Viele Jahrzehnte später und nach mehr als dreißig Jahren Digitalisierung müssen wir heute von der Annahme ausgehen, dass in einer vergleichsweise kurzen, überschaubaren Zeit von nur wenigen Jahren sich ein struktureller Umbruch in allen arbeitsweltlichen Bereichen vollzieht. Die direkte sinnliche Beziehung von arbeitendem Mensch und Arbeitsprodukt nimmt tendenziell ab. Zwischen Mensch und Produkt schieben sich eine oder mehrere digital-virtuelle Plattformen. Ohne den Zugang zu einer Plattform wird bald der direkte Zugriff zu dem zu leistenden Arbeitsauftrag kaum mehr möglich sein.
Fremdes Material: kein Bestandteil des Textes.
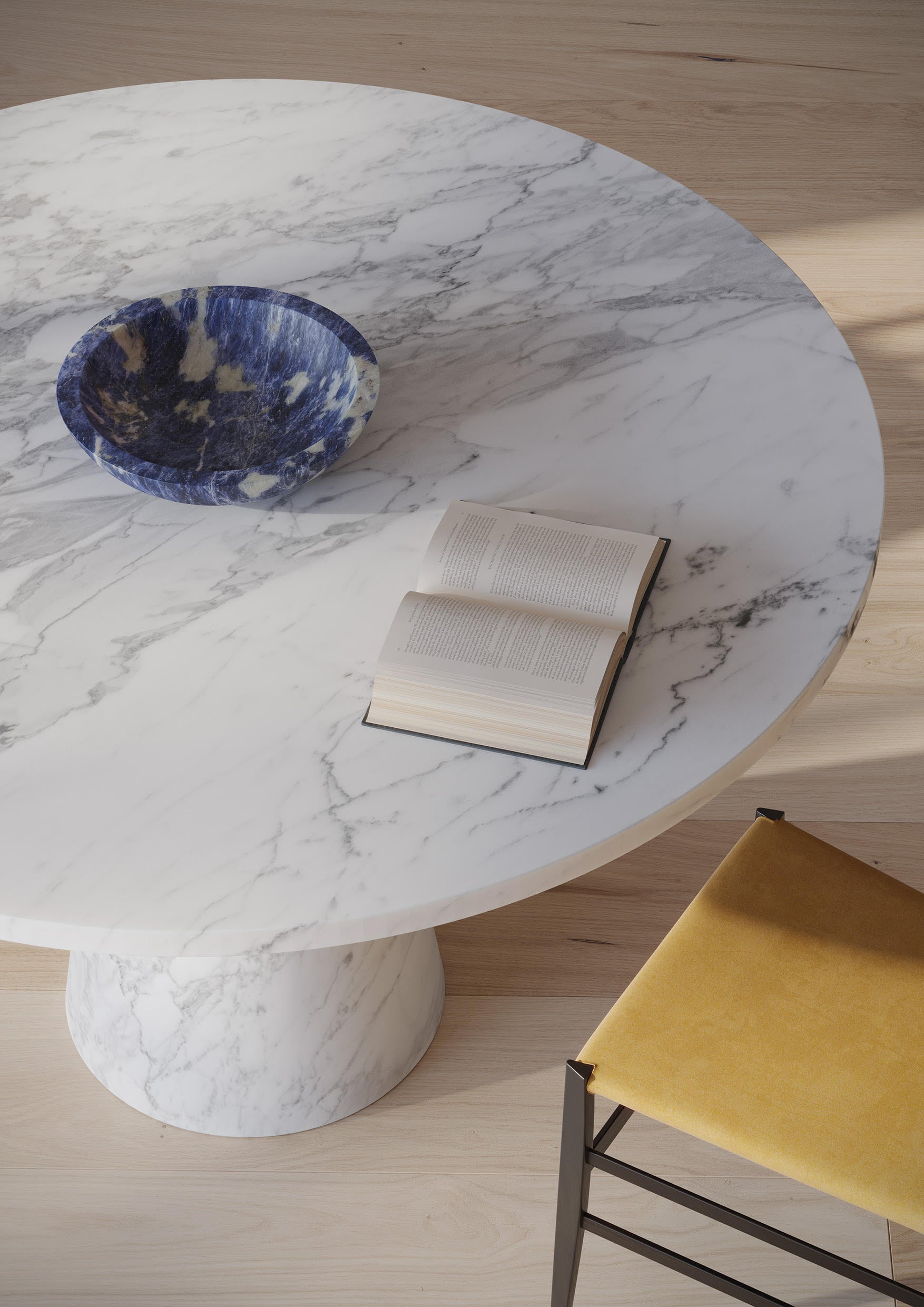 Inside Out Dining Table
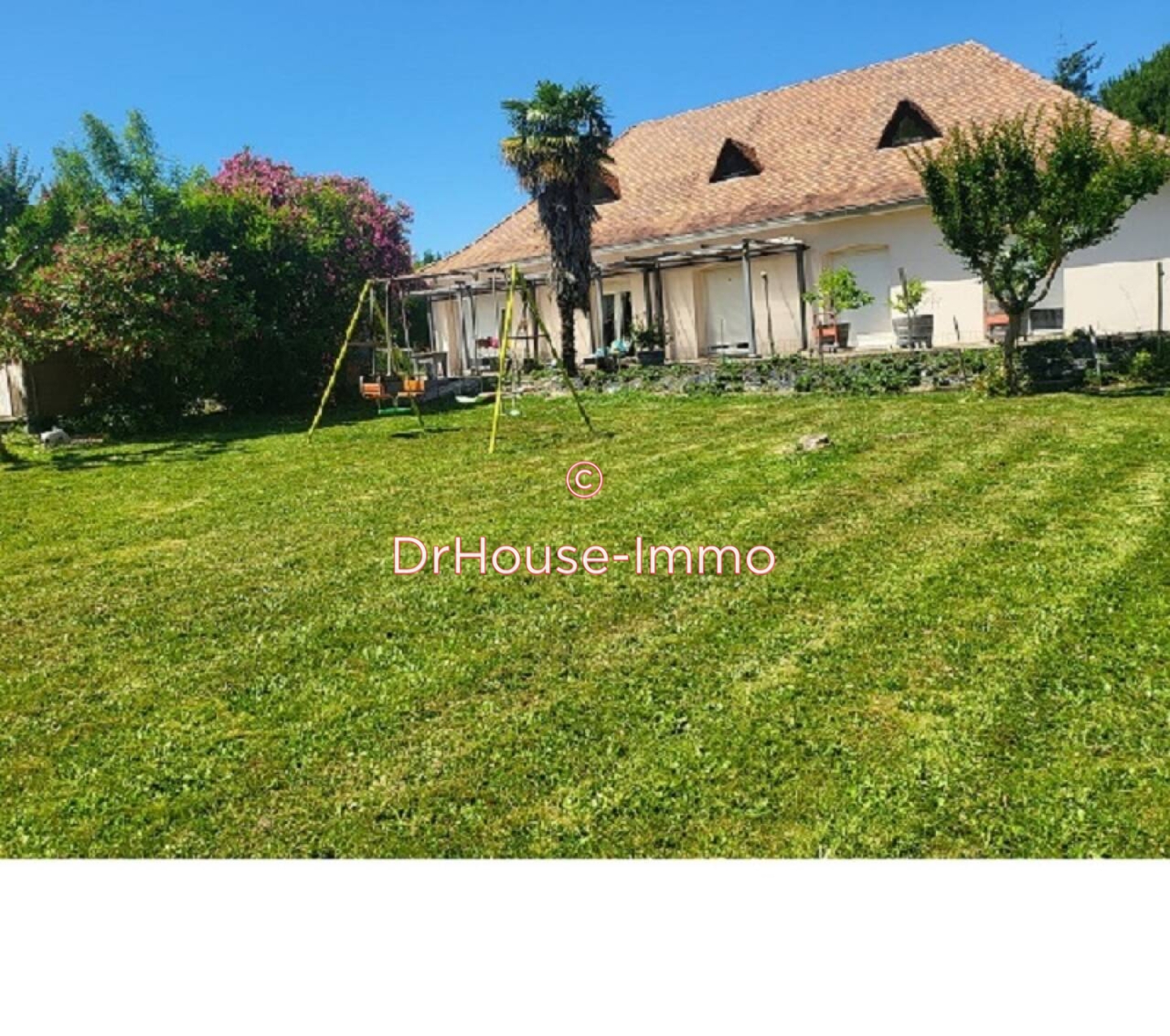 Maison 6 pièces de 160 m² - Saint-André-de-Cubzac (33240)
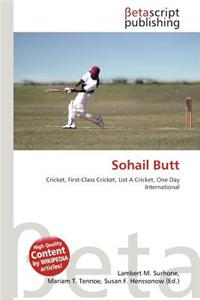 Sohail Butt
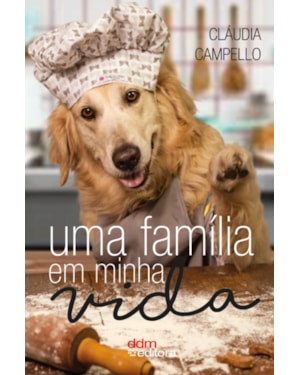 UMA FAMÍLIA EM MINHA VIDA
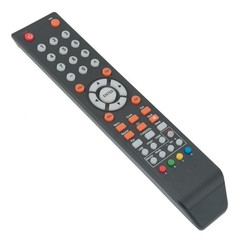Replace Remote Control fit For Sceptre TV X325BV-FSR X328BV-SR U505CV-UMR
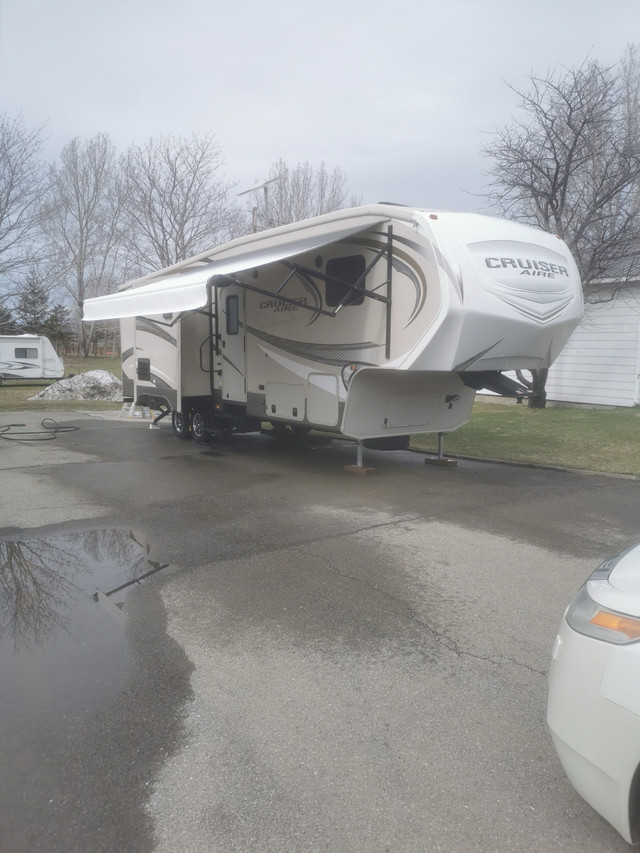 2016 cruiser air 29BH.  (Familiale) dans Caravanes classiques  à Gaspésie - Image 2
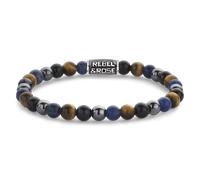 Rebel - Rebel&Rose-Armband-RR-60110-V-M blau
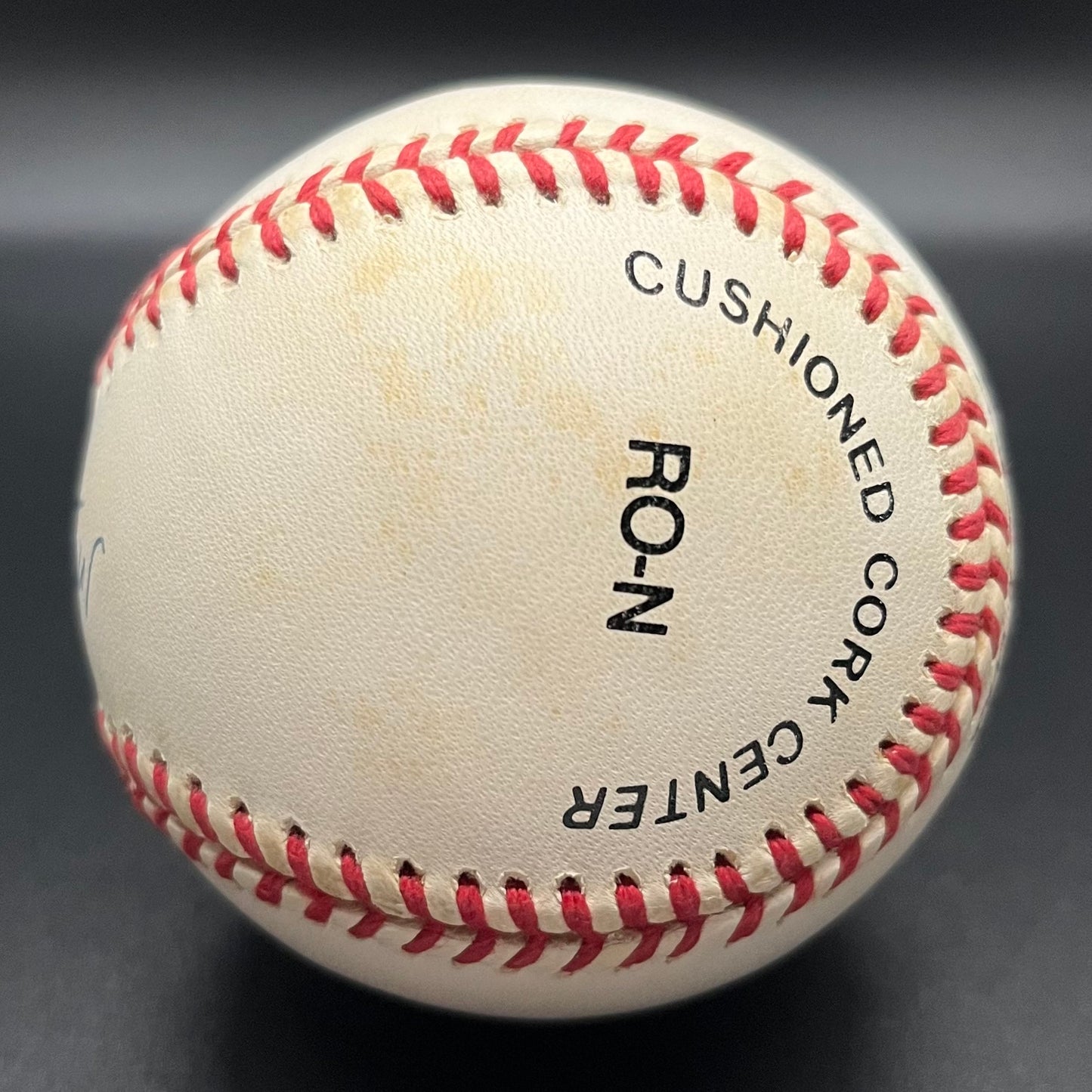 Willie Mays ONL Autographed Baseball (PSA)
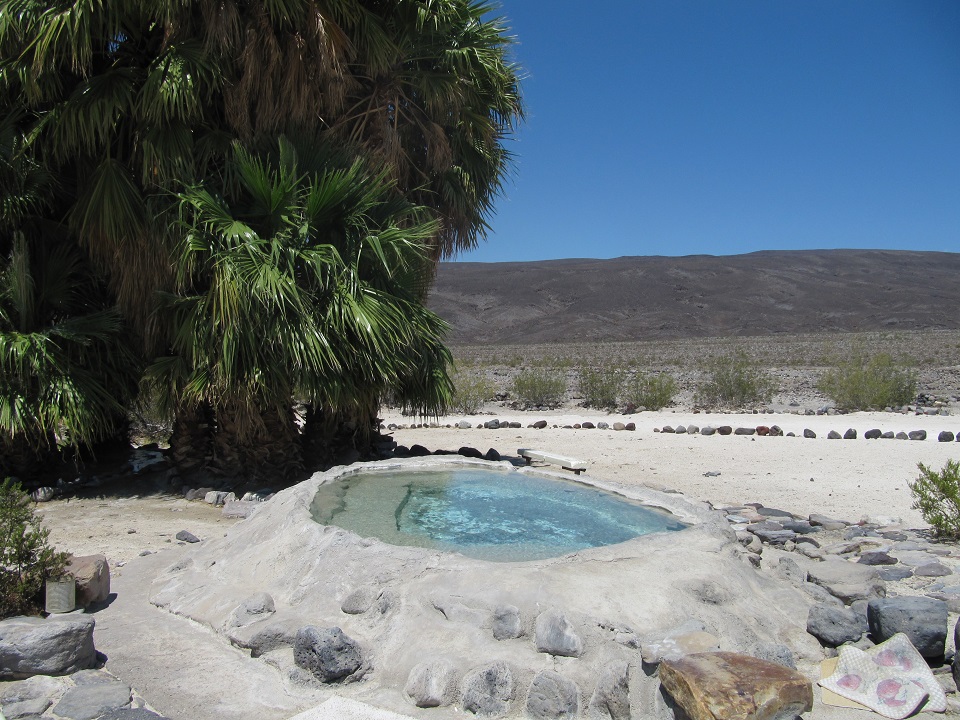 Saline Valley Warm Springs Plan Finalized Death Valley National Park U S National Park Service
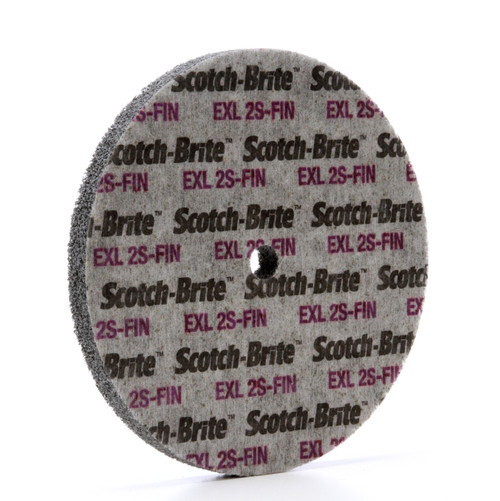 3M Center Exl Unitized Wheel 7000028478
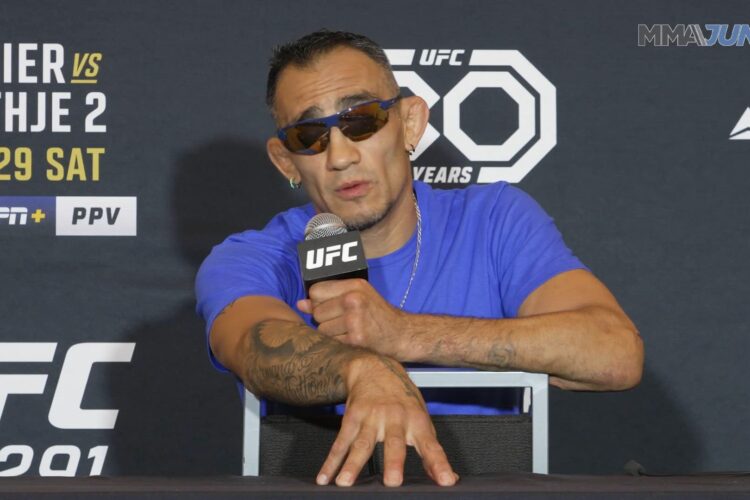 Tony Ferguson ígéri, öt mérkőzésen belül bajnok lesz a UFC-ben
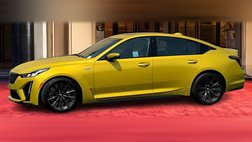 2024 Cadillac CT5-V Blackwing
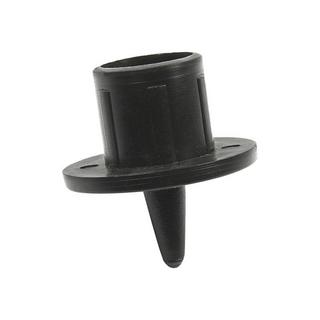 Pricenet  Pied à pointes pour mât de tente 25mm 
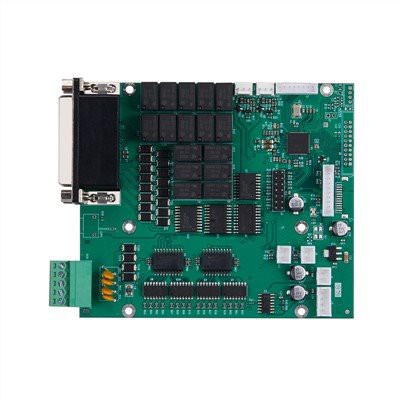 Set Top Box Circuito stampato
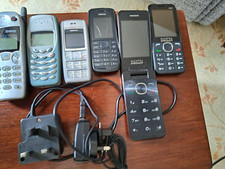 Old mobile phones for sale  WYMONDHAM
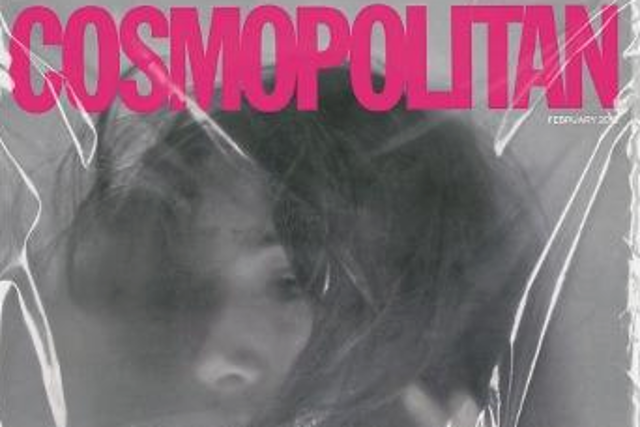 Najnowsza okładka brytyjskiego "Cosmopolitan" to hołd dla kobiety zamordowanej przez rodziców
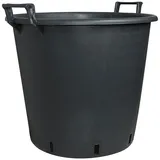 geli Ø 60 x 47 cm Schwarz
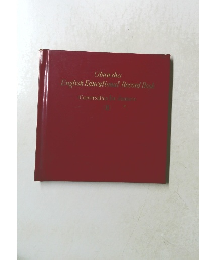 Obunsha English Educational Record Book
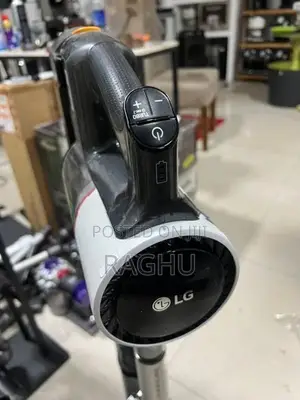 LG Cordless Cordzero Vacuum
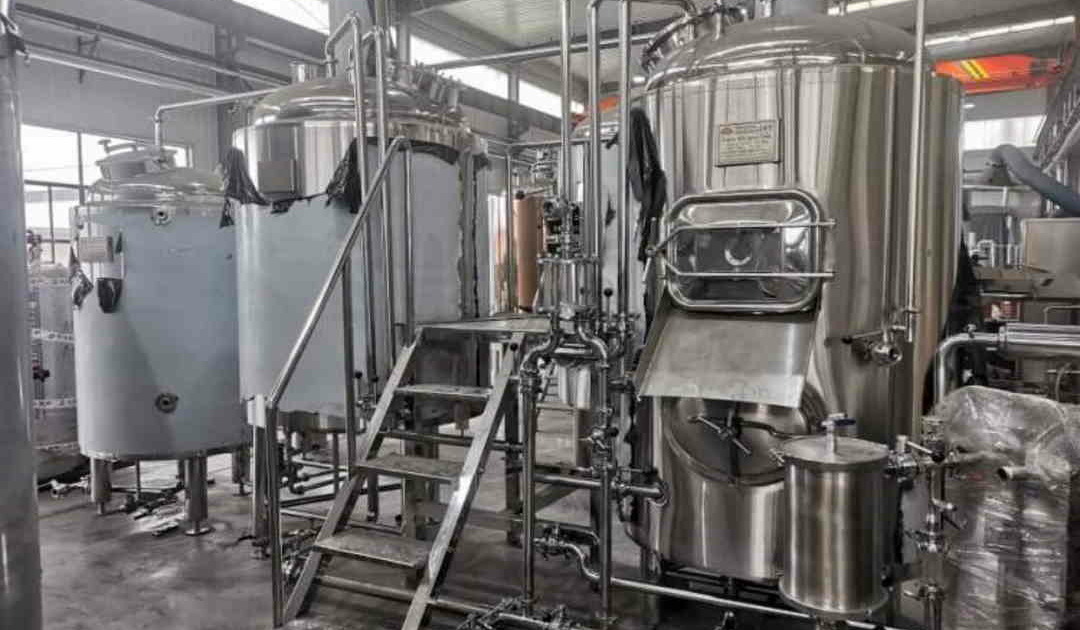 Private artisan brewery project clashes with Havana bureaucracy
Die Fähigkeit, sich auf und in Plattformen bewegen zu können, entscheidet zunehmend über die Möglichkeit des Zugangs zur Arbeit. Die Zugänglichkeit der Plattform regelt immer mehr die Zugänglichkeit zur physischen Arbeit.
Menschen, die dem Hand-Werken verbunden sind und vor allem über intuitives Erfahrungswissen verfügen im Sinne eines „Gedächtnisses der Hände“ (Schröter), werden gedrängt werden, sich verstärkt dem Kopf-Werken zuwenden zu müssen. Der Grad der Abstraktion und Komplexität nimmt für jede/n deutlich zu. Ob mobile Pflege oder Werken in der Fertigung, ob Verpackungskraft oder Stuckateur, der Umgang mit dem Display und das Verstehen-Können, was „hinter“ dem Display geschieht, verändert das Selbstwertgefühl.
Für viele wird sich dieses technische Hemmnis zu einer sozialen und qualifikatorischen Barriere entwickeln. Herausforderungen in der beruflichen Bildung und Weiterbildung werden demnach nicht nur eine neue fachliche Anforderung darstellen. Vielmehr wird die grundsätzliche Befähigung, mit abstrakten Abläufen und Prozessen auf den Plattformen nachvollziehbar umgehen zu können, zu einer Erweiterung unserer Schlüsselqualifikationen führen müssen. Der Umgang mit nicht-materieller Arbeit, das Verständnis dieses Typs von Arbeit und der Erwerb von „Komplexitätskompetenz“ (Schröter) werden zu zentralen Erfolgskriterien kommender Erwerbsbiografien. Das materielle Werken folgt den digitalen Vorgaben. Die Zukunft der Arbeit wird im virtuellen Raum entschieden.